Now our society seems to be praising promiscuity and sexually adventurous people-- calling it normal, or at least pretending it's normal just because celebrities or characters act in such ways. In the age of casual sex and whatnot-- anyone reading this must know what I mean. It's like... if you aren't ridiculously dirty and lustful, there's something wrong and repressed about you.
I think that's incredibly misleading. It's true, it's totally normal to enjoy sex and being a sensual human being-- furthermore, it's completely 100% okay. And there are a lot of healthy ways to express that, though some might be kind of unconventional. But is it okay to have sex with people you barely know? Is it okay to engage in potentially dangerous sexual habits? Indulge illegal activities just to get your kicks? Sometimes I hear about people's sex lives on the radio or online, and I just want to ask... What happened to you to make you act this way? It must be something, something bad.
There are some things that I know I will never do. And some people might think that I'm a prude for it, or that I'm not open-minded enough. Well... if they want to sling arrows, I have a few I could sling back at them. Yes, I do judge people who engage in acts that I think they shouldn't, because I think my reasons for not doing them are good ones. You can still do whatever you want, and I'll keep thinking whatever I want, and no one will know the difference.

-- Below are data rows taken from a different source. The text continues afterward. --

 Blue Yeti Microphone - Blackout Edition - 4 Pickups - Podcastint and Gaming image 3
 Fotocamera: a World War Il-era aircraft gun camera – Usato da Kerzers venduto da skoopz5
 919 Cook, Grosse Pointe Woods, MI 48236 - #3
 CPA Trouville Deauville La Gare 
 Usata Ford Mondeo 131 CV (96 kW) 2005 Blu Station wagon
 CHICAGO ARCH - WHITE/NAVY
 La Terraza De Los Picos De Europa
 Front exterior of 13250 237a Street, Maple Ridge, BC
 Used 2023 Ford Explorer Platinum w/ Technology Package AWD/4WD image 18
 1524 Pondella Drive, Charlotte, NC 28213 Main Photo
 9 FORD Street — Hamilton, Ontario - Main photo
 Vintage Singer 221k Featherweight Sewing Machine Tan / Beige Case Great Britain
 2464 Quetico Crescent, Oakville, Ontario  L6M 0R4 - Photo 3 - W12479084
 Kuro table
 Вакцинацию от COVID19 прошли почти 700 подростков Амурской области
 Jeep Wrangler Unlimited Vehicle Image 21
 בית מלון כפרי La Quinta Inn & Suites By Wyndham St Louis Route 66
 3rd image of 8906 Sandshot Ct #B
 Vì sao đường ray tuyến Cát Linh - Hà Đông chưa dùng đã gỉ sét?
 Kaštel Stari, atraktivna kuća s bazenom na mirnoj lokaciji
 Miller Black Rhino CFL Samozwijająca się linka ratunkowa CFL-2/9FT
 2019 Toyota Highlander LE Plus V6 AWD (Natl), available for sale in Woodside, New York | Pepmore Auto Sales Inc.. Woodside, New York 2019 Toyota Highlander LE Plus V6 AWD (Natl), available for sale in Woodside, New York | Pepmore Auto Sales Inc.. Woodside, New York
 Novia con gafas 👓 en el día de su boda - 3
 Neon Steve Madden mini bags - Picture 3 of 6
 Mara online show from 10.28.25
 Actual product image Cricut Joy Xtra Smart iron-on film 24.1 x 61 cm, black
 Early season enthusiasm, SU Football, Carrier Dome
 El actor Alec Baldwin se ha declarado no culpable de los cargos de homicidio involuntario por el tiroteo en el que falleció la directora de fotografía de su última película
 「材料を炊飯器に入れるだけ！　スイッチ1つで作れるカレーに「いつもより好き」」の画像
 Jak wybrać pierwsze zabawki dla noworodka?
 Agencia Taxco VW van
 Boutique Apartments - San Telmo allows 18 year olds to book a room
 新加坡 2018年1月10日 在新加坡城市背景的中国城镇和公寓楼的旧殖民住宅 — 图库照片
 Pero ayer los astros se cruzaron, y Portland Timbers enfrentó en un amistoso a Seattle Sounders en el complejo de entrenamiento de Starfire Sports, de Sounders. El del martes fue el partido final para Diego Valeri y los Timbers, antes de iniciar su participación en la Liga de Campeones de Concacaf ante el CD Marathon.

But me? Well, up until now I actually let myself feel bad for knowing what I didn't want. That was until I realized that I'm perfectly fine.
Being open to sex and sexuality doesn't mean you will disrespect yourself. It doesn't mean you're promiscuous or casual about sex. It doesn't mean you have to do everything everyone else does, or that you have to do everything your partner wants to do. It means that you're honest with yourself and have respect for your own feelings.
That's what I am. Open, honest and respectful of myself. I love sex, I love pleasuring and being pleasured. I'm comfortable talking about it and don't shy away from certain topics. I'm 100% heterosexual for now, and any man who has an issue with that would be completely insane-- but I'm also not above mentally testing that percentage from time to time.
All that openness and honesty doesn't mean that sex doesn't mean anything to me. It isn't just sex, and I don't think it should be. It means more. It's intimacy-- the kind that is primarily meant for two people. It involves trust and vulnerability, and engaging in it with the attitude of trusting everyone or trusting no one won't get you very far. Maybe some people don't care about their relationships with others, but I'd thank those people to stay away from me. I also hope they don't breed, because our species would be sad and pitiful if it were full of people like that.
I think the most important part of all of this, in not only examining oneself sexually but entirely, is the willingness to put yourself under the microscope. To challenge yourself, question your feelings and be open to change. If you can't do that, you'll be stuck where you are forever and can never feel what it's like to develop into a fully experienced, well-rounded person. The key is not being afraid to stand your ground when you find you have some to stand for.